Ein Gentest beseitigt alle Zweifel

Erstmals haben Wissenschaftler jetzt die Identität eines Mordopfers mit genetischen Methoden festgestellt. Wie das Wissenschaftsmagazin „Nature“ jüngst vermeldete, isolierten englische Forscher genetisches Material aus den Knochen eines Mädchens, das 1981 im Alter von 15 Jahren ermordet wurde. Die Leiche wurde zwar erst acht Jahre später gefunden, dennoch gelang es Alec Jeffreys von der Universität Leicester mit molekularbiologischen Methoden einen „DNA-Fingerabdruck“ zu ermitteln.

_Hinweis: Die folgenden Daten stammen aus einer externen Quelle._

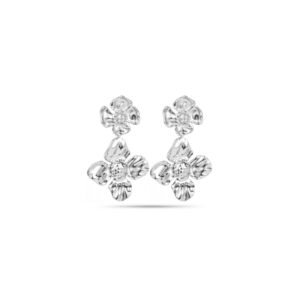 BSL Bijoux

Bei dieser Methode wird die Tatsache genutzt, daß keine zwei Menschen völlig identisches Erbmaterial tragen – eineiige Zwillinge ausgenommen. Daher entstehen beim Zerteilen des Erbmaterials im Labor Bruchstücke charakteristischer Länge, die sich nach mehreren Arbeitsgängen in Form eines Bandenmusters darstellen lassen, ähnlich der Strichcodes, die sich auf Buchrückseiten, Milchtüten und Konservenbüchsen befinden.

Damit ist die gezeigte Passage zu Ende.